The “Like” of social networks
The dawn of social media has given the world a couple of new uses of “likes.” Facebook, Instagram, TikTok, and the like all have features that allow you to “like” a post (although this is sometimes called “favorite” or “liking” a post). The “like” of social networks is both a noun (“This photo has a hundred likes”) and a verb (“Did he like your Facebook status?”).
- How many likes did you get?
- Oh no, he just liked a photo from three years ago.
- Please don’t accidentally like anything on my account.
The “Like” of the quotation marks
Another very common use of “I like”, which begins to get into the concept of “kids these days have too many uses for” I like “!” territory – is to introduce quotes in the narrative. While in the past, people may have entered quotes the same way you see them in writing (“So I said, ‘How about not?'”), It is increasingly common for people to trust the “And then he was like, and then I was like “formula”.
As the quote “like” has evolved, it is also used in more cases than simply quoting someone. It can also be used for non-verbal reactions (“And they were like, staring at the ground the whole time”).

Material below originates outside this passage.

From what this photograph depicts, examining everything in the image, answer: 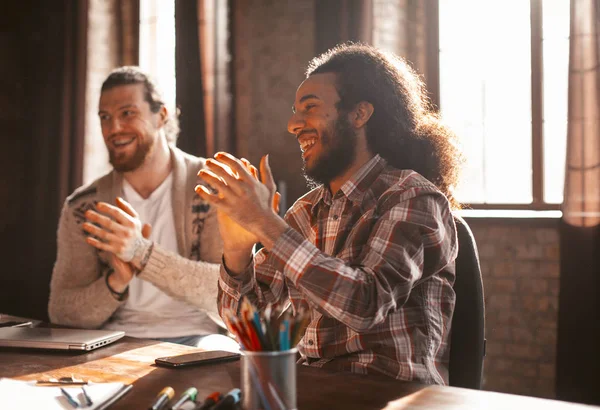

Why use “like” in this case? Well, for one thing, it allows you more flexibility in what you are saying. You have probably had a conversation along the lines of the following:
Person 1: And then I said, “Shut up!”
Person 2: No way, did you really say that?
Person 1: Well no, but I rolled my eyes really hard.
The “I like” quote is a way of telling a story and letting the listener know: “This is not exactly how it happened, but this is how I saw it.” This usage can also be overlaid with the “like” fill, which we come to in the next section.
- He was like, so mad at me.
- They said, “How are you today?”
- He said, “Yes,” and I said, “No,” and then we were like, at a dead end.
- I was like, looking all over the room for my keys.
The “I like” filler
Filler words they are a special kind of vocabulary. They are words like “um”, “uh”, “er” and, as you can probably guess, “I like it”. They are rare when writing, but immensely useful in conversation, because they give you a little extra time to figure out what exactly you want to say. The word “like” is an increasingly common filler word, often associated with California English. In particular, she’s part of the Valley Girls stereotype, a 1980s trope of upper-class white teenage girls in California.
Unlike filler words like “um” and “eh”, “like” can subtly alter the meaning of a sentence. It is a form of coverage what you are saying, based on the meaning of the comparative “I like”. Saying “So, this is the deal” sounds different than saying “So, like, this is the deal”, because the “I like”, similar to the quotation mark “I like”, is a way of communicating, “This may not be 100 percent accurate, but it will be close. ” You don’t always change the sentence, but you can.
Filler words are often maligned, and public speaking classes teach people how to get rid of them to make them sound more professional. Overuse of filler words can make people think you don’t know what you’re talking about. “Like” has become a particular lightning rod for critics, most likely because it is associated with young women, who throughout history have been criticized for their way of speaking.
Even if you accept that the dislike of “likes” is partly rooted in sexism, it is true that the word “like” has appeared more in recent years. This is not just a guess: Google Ngram shows that the word “like” doubled in frequency when comparing books published in 2019 with those published in 1979. If you start paying close attention to all uses of “like,” you will find that the word is ubiquitous.
Instead of letting the word “like” bother you, focus on the positives. There is something surprising about the way the English language allows a single word to be so flexible. With just one syllable, you can do a lot of different things. And that is beautiful.